La présidente. Nous continuons nos urgences avec la R 1019, que nous traitons en catégorie II, trente minutes. Monsieur Stéphane Florey, vous avez la parole. (Brouhaha.)

M. Stéphane Florey (UDC). Merci, Madame la présidente...

La présidente. Excusez-moi. Est-ce que je peux demander un peu de silence dans la salle ? Merci. Monsieur Florey, allez-y.

M. Stéphane Florey. Merci, Madame la présidente. Mesdames et Messieurs les députés, chers collègues, en lisant dans la presse ce qu'est le «stealthing», à savoir la pratique qui consiste à retirer son préservatif pendant une pénétration, très franchement, j'ai cru à une mauvaise blague entre deux personnes qui font ce qu'elles ont à faire. La réalité est toutefois bien plus effrayante que cela, il faut le dire. C'est clairement une rupture de confiance entre deux personnes: si une des deux met un préservatif, c'est parce que ces deux personnes l'ont décidé ensemble. Pour moi, on n'aurait aucun droit de le retirer sans le consentement du conjoint, quel qu'il soit.

Le risque, c'est d'abord une grossesse non désirée, pour une femme; c'est un risque et un problème qui peuvent concerner tout un chacun, mais qui ne devraient pas exister; on voit aujourd'hui le nombre de grossesses non désirées. Le deuxième problème de cette affaire, ce sont les infections sexuellement transmissibles; elles sont en recrudescence en Europe, on le voit depuis un certain nombre d'années. Il y a la syphilis revenue en force, et il y en a d'autres que je ne citerai pas, car le but n'est pas de faire le catalogue de toutes ces infections.

Le risque d'infections sexuellement transmissibles et celui de grossesses non désirées, à eux seuls, valent la peine qu'on se penche sur la question, qu'on dise clairement notre opposition à cette pratique et qu'on renvoie cette résolution directement aux Chambres fédérales afin qu'elles statuent sur la demande. Il ne s'agit de rien d'autre que de déclarer que c'est un acte relevant du droit pénal. Personnellement, j'ai été assez effaré de lire qu'un juge avait dit que non, ce n'est pas pénal, ce n'est pas une contrainte, ce n'est pas un viol.
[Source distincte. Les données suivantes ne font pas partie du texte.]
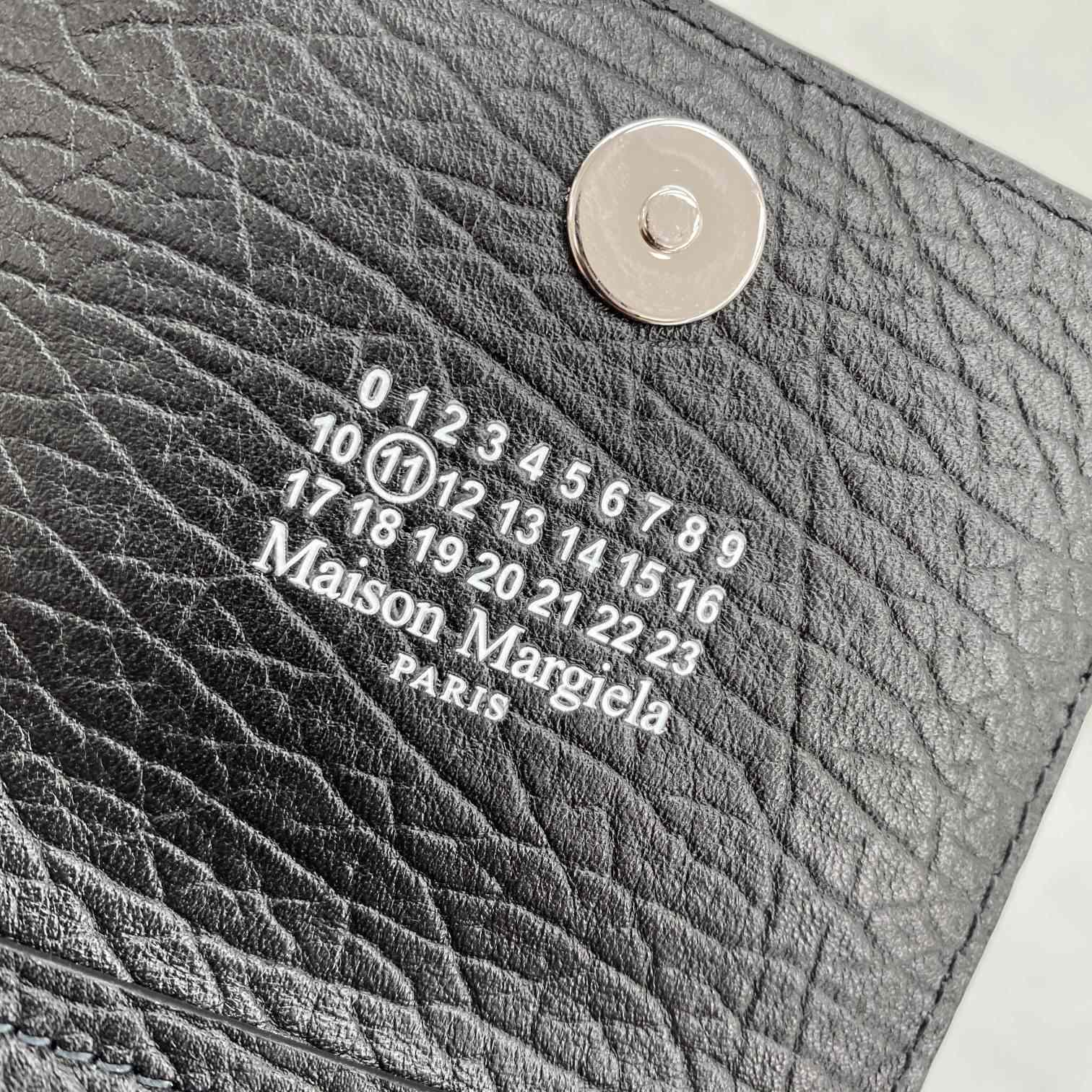 Maison Margiela Black Small Chain Strap Wallet Bag(10x9x3cmm) - FashionPlug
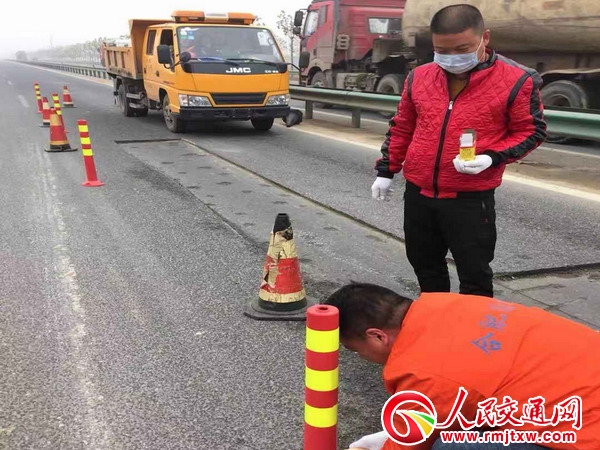 ���՝}�Ϲ�·�־�̎��105����·�没��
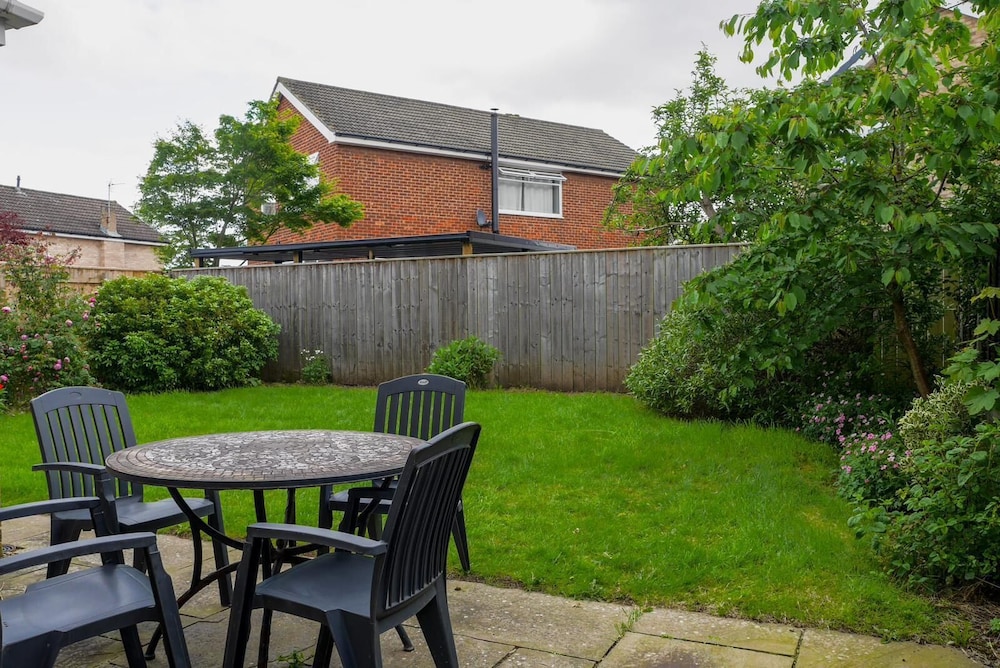 Stylish 4 Bed Apartment- Private Garden & Sleeps 8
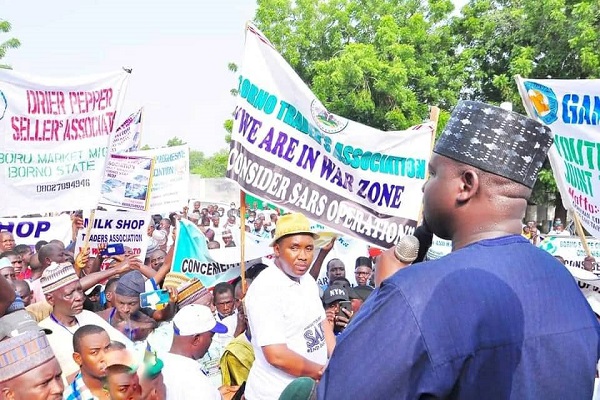 Governor Zulum Asks IGP Adamu To Deploy SARS Officers To Fight Boko Haram In Borno 2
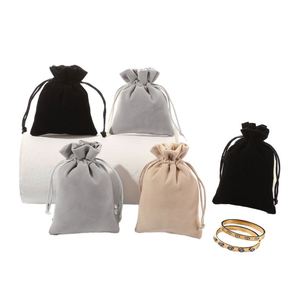 2700356 Pochette en velours noir personnalisée avec cordon de serrage, sac à bijoux en velours, pochettes à bijoux avec logo pour colliers - Product Image 1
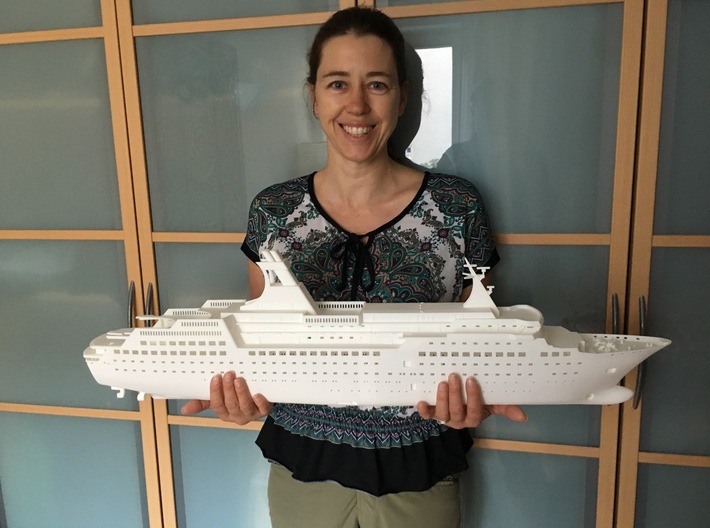 MS Arkona, Hull - Front End (1:200, RC) 3d printed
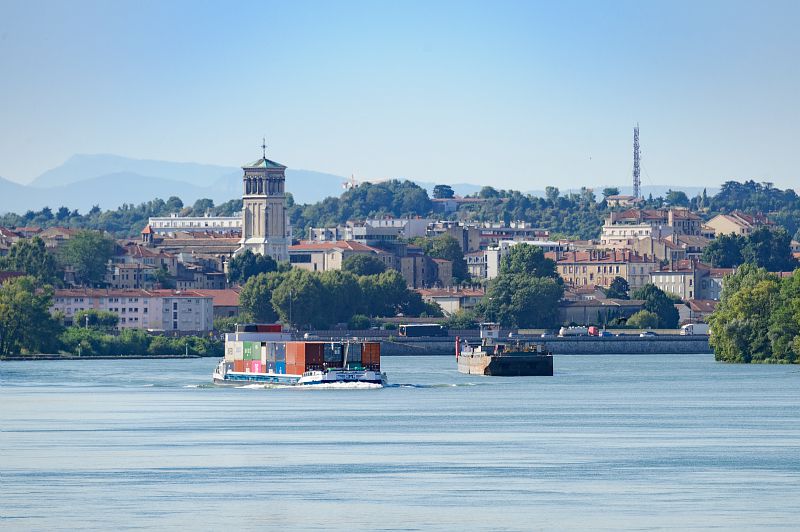 MerGouv's tweet photo. Le Comité de Protection du milieu marin de l’@IMOHQ a approuvé la création d’une zone de contrôle des émissions de d’oxydes de soufre #SECA et la désignation d’une zone maritime particulièrement vulnérable #ZMPV.
@FranceOMI
Pour en savoir + : https://t.co/vtlgHeBbC9 https://t.co/njqIYWIJ1P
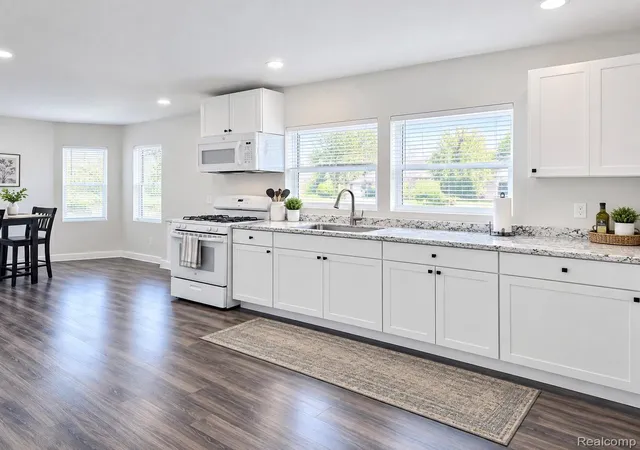 Photo 2 of Single family home for sale at 1025 E Mandeville St, Burton, MI 48529 | MLS# 20261070878 | Listing updated on 2026-09-14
Il faut peut-être trouver le bon terme, mais dire qu'il s'agit purement et simplement de harcèlement sexuel... Très franchement, je n'ai pas compris cette déclaration et ce jugement.

Je pense que les conséquences sont suffisamment graves pour que l'on se penche sur la demande faite aux Chambres fédérales de traiter la question une fois pour toutes, même si mon collègue Yves Nidegger nous a dit à plusieurs reprises que les Chambres travaillent dessus actuellement et qu'elles l'ont déjà fait à de nombreuses reprises. Quand on voit la finalité du jugement, on se dit qu'il y a encore quelque chose à faire, que ça vaut la peine de continuer à émettre ce type de demande en envoyant cette résolution aux Chambres fédérales. Je vous remercie.
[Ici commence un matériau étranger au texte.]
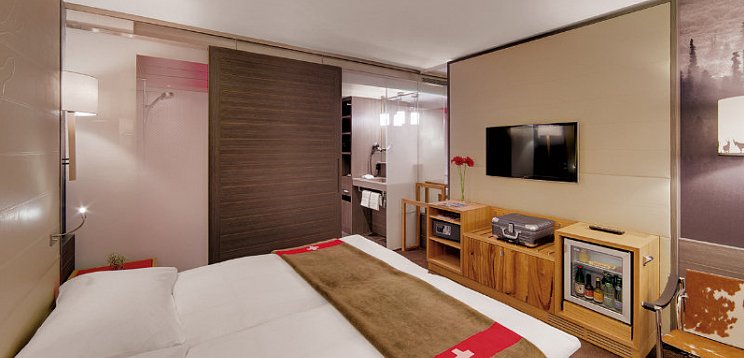 Agora Swiss Night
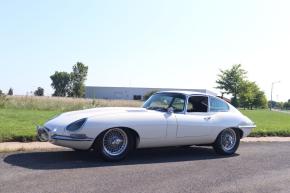 Jaguar E-Type photo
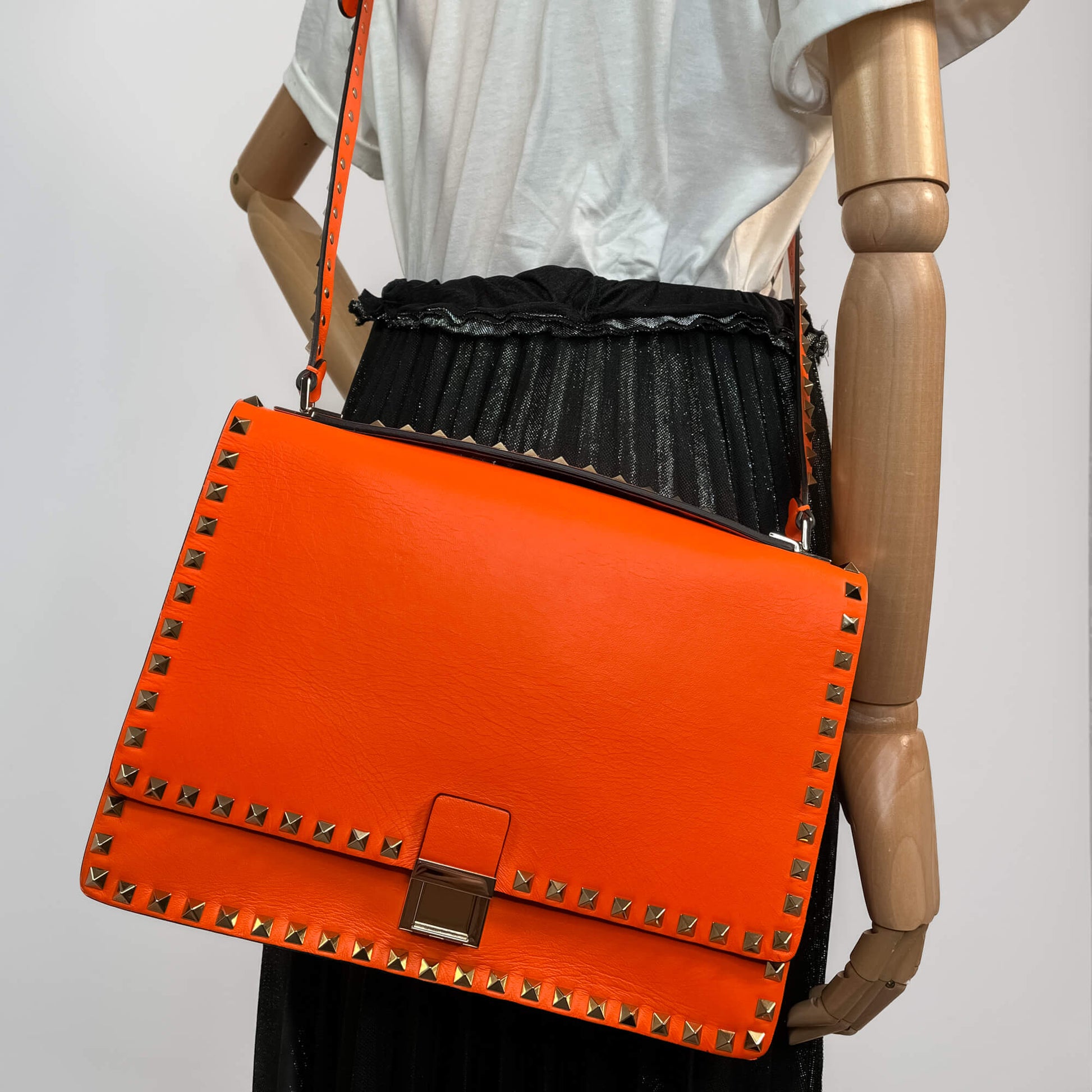 Second hand Valentino Garavani Rockstud Calfskin Leather 2 - Ways Flap Shoulder Bag Neon Orange - Tabita Bags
Mme Marjorie de Chastonay (Ve). Mesdames et Messieurs les députés, selon la définition de Wikipédia, «le stealthing [...], aussi appelé furtivage ou retrait non consenti du préservatif, est une forme d'agression sexuelle qui consiste, pour un partenaire sexuel, à enlever son préservatif pendant l'acte sexuel, à l'insu de l'autre partenaire. Cette pratique, qui enfreint le consentement du ou de la partenaire, est juridiquement condamnable dans de nombreux pays et est parfois considérée comme un viol». En Suisse, ce n'est pas un viol ! Malgré la forme d'agression, malgré le fait que cela soit commis à l'insu du ou de la partenaire, malgré le non-consentement, malgré ces trois violences explicites, le «stealthing», en Suisse, n'est pas vu comme un viol !

En Suisse, les tribunaux considèrent l'usage du préservatif comme une modalité de l'accomplissement d'un acte sexuel. Il faut rappeler le rôle du préservatif; ce n'est pas uniquement une modalité de l'accomplissement d'un acte sexuel, non ! Le préservatif ne fait pas seulement office de moyen de contraception, il sert aussi à protéger le ou la partenaire d'éventuelles maladies sexuellement transmissibles, comme on l'a déjà souligné.
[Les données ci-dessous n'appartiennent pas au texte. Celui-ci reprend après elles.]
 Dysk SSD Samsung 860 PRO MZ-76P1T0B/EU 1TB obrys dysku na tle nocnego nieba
Aussi, retirer son préservatif sans en informer la personne concernée et sans son accord est un acte de mise en danger, une agression, est une attaque à la question fondamentale du consentement. C'est donc clair, évident et violent: c'est un viol ! C'est pourquoi les Vertes et les Verts soutiennent la résolution afin que l'Assemblée fédérale crée une norme expresse sur le «stealthing» et afin surtout que les auteurs d'un «stealthing» ne soient plus jamais acquittés et ne puissent plus continuer cet acte violent en toute impunité. Merci ! (Applaudissements.)

La présidente. Je vous remercie. La parole est à M. Yves Nidegger pour deux minutes seize.

M. Yves Nidegger (UDC). Merci, Madame la présidente. A la suite d'une réflexion liée à un article de journal, si possible de «20 minutes», si le sujet est de compétence cantonale, on écrit immédiatement une proposition de motion; si ce n'est pas de compétence cantonale mais fédérale, on écrit une proposition de résolution. Ensuite, le sujet est traité.

Durant ces dernières années, la commission des affaires juridiques a procédé à une réforme du droit pénal en matière sexuelle, à laquelle j'ai participé, et ça a été très longuement débattu à Berne. Rassurez-vous, Monsieur Florey, rassurez-vous, chers autres collègues, ils sont au courant !

Qu'est-ce qu'une résolution à l'Assemblée fédérale ? C'est une manière de signaler au législateur fédéral (dont c'est la compétence, puisqu'il s'agit de droit pénal) qu'un élément aurait été oublié dans sa réflexion, élément dont nous, Genevois, qui sommes plus brillants que la moyenne des cantons, avons - idée géniale - compris en quoi il consistait. Chers collègues, quand vous avez une idée brillante qui relève de la compétence fédérale, passez un coup de téléphone à nos élus à Berne et dites-leur: «Hé, les gars ! Si vous signiez tous le même texte, tous partis confondus ? Qu'est-ce que vous en pensez ?» Vous vous retrouverez alors immédiatement dans le chaudron, à l'endroit où la chose va être débattue, au lieu d'attendre des mois et des mois jusqu'à ce qu'un jour, peut-être, il y ait une audition devant une commission qui dira: «Qu'est-ce qu'ils nous veulent encore, ces Genevois ?» Voilà la manière efficace de procéder quand le sujet est important !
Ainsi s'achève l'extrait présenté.